Photo 2. Pistacia Vera rye croissant, April 2015. Photo: Rachel Hopkin
The Individual and the Croissant: Artist, Performer, Consumer
The Pistacia Vera rye croissant also appears to show how an individual can shape a tradition. The establishment’s founder and head chef is Spencer Budros and if it was he who devised this particular culinary riff on two pre-existing dough-based traditions, presumably he was drawing on his training and experience, on his imagination and his individual taste, on recyclable elements from a relevant past, along with materials available to him in the present, to enact a fresh pastry synthesis that both maintains and changes the croissant tradition.
The importance of the individual in the maintenance of a tradition and its ongoing evolution rose to prominence during the so-called “performance turn” in folkloristics. Among the characteristics of that scholarly paradigm shift were a redirection of focus from texts to contexts, an awareness of the responsibility borne by the performer, and an understanding of the audience’s ability to shape any given rendering. Hymes’ “Ethnography of Speaking” was an important constituent of the performance turn and led to what Lucy Long terms the “Ethnography of Eating.” Central to an “Ethnography of Eating” approach is the “food event” concept where all choices made represent “the enactment of the individual’s history and identity responding to the specific context” with any meaning conveyed or understood thereby being “contingent on the situation” (Long 2015:284).

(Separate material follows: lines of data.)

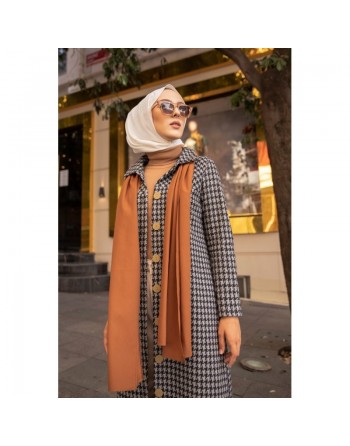 Tunique longue boutonnée à carreaux pour femme (Vetement Hijab Automne-Hiver) - Couleur gris 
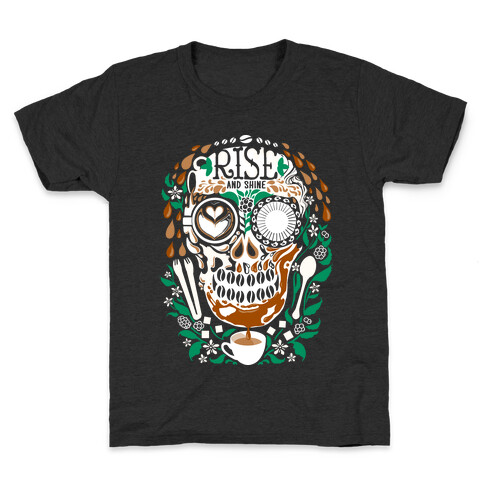 Rise and Shine Coffee Skull Kids T-Shirt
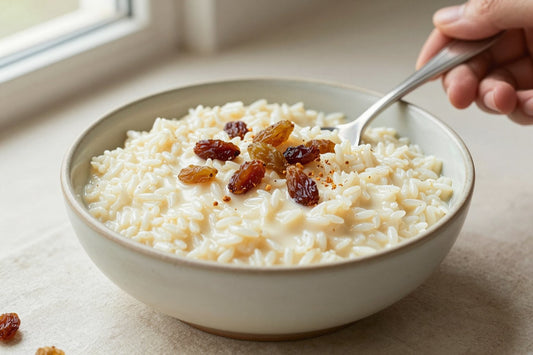 Creamy old-fashioned baked rice pudding in a small ceramic bowl with a spoon, garnished as in the recipe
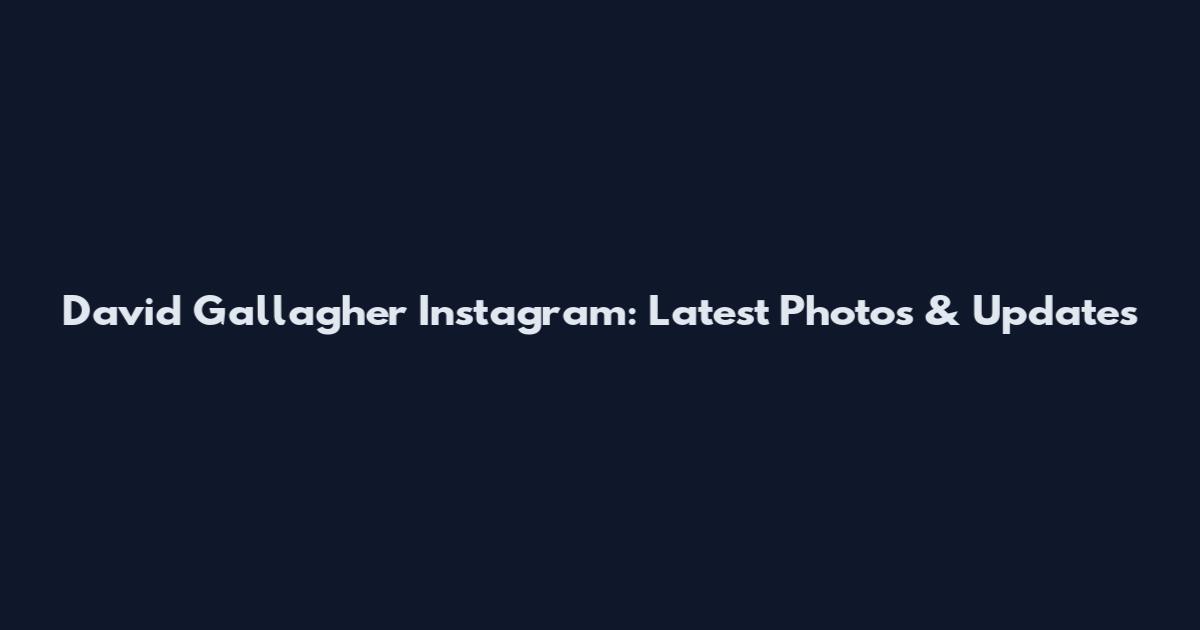 David Gallagher Instagram: Latest Photos & Updates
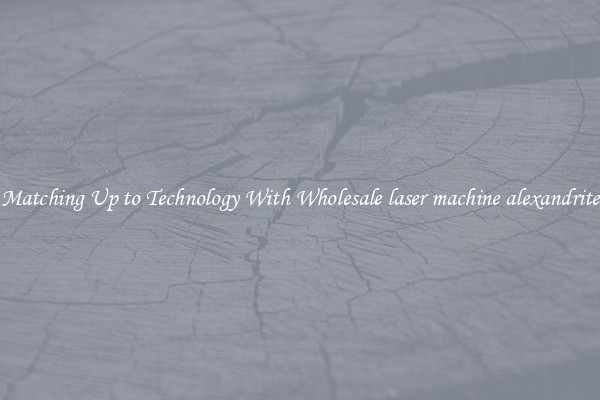 Matching Up to Technology With Wholesale laser machine alexandrite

In their introduction to a 2011 collection of essays (and festschrift for Henry Glassie) that is appropriately entitled The Individual and Tradition: Folkloristic Perspectives, editors Cashman, Mould and Shukla explain why folklorists attend to the embodied particular:
In order to interpret and to generalize—to earn conclusions—folklorists gather information from specific individuals because tradition is enacted only through an individual’s act of creative will. This starting point—the study of tradition through attention to the individual—is not merely a methodological necessity (one must start somewhere), but more significantly a matter of philosophical conviction (2).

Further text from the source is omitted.